Preservação Cultural e Ancestral
Segundo o líder candomblecista, Carlos Santos, iniciado para o Orixá Oxaguiã, desde que recebeu a notícia da construção da EEE, “foi um choque para a comunidade religiosa e do entorno da Lagoa”.
O lugar serve para o lazer e culto para os praticantes do candomblé. “A região é local de culto à natureza e aos orixás, que são elementos da natureza, em especial a água”, destaca Santos.
Os impactos da construção no aspecto religioso, diz respeito a forma de cultuar. Para os religiosos, as águas são sagradas, a Lagoa do Abaeté é um local de oferendas, rituais e agradecimentos aos orixás.
Para o líder religioso, a construção da estação de esgoto nesse local impede as atividades de serem realizadas, pois irá se tratar de uma água contaminada pelo esgoto da EEE.
“A obra impede que cultuem a natureza virgem, onde a água é limpa, envolvida por mata e por vida”, declara o candomblecista.
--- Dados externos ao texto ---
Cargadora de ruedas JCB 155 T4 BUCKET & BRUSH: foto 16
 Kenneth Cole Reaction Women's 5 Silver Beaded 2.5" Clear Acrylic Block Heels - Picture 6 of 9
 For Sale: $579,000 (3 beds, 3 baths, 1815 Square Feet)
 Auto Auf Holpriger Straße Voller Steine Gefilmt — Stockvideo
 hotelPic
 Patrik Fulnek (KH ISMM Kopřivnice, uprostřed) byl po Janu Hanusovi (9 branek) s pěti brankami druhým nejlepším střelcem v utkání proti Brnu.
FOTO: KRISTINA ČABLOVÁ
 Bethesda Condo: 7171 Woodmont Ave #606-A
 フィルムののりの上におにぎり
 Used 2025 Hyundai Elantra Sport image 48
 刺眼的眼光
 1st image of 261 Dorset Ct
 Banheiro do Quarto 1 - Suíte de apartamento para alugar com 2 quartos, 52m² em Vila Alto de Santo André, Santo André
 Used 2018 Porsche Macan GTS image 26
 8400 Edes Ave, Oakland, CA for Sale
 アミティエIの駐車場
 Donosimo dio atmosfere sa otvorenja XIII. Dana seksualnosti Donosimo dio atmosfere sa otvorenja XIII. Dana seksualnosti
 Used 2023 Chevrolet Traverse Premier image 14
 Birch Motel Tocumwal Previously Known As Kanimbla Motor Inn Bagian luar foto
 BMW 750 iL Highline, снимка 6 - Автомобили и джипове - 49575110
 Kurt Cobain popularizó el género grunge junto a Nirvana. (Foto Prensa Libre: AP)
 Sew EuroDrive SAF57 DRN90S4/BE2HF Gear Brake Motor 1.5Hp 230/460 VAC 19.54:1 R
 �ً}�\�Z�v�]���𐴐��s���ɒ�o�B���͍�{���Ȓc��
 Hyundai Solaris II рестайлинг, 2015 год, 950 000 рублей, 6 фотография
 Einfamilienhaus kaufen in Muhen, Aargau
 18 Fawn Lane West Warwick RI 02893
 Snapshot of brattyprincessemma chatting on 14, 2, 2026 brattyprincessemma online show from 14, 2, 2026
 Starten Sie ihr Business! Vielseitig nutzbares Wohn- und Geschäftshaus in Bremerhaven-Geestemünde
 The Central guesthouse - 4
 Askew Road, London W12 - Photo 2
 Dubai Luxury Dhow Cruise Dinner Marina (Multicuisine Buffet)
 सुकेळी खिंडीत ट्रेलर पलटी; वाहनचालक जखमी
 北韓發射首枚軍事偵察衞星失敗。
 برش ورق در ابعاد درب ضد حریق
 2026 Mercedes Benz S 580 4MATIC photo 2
O religioso chama a ação de “crime”, devido a falta de consulta da população local que utiliza e frequenta os entornos da lagoa. “Mesmo diante de tantos protestos, as obras continuam acontecendo por isso os protestos e manifestações também continuarão”, afirma Santos.
Movimento Artístico
“Lagoa escura de areia branca”, assim Dorival Caymmi chamava a Lagoa de Abaete em uma de suas músicas, eternizando o lugar.
Artistas como Jorge Vercílio, Margareth Menezes, Tonho Matéria, Zezé Motta e Guilherme Arantes mostraram insatisfação com a obra na Lagoa do Abaeté.
Em suas redes sociais, Caetano Veloso publicou um vídeo pedindo que o local fosse tombado como patrimônio natural e cultural de Salvador.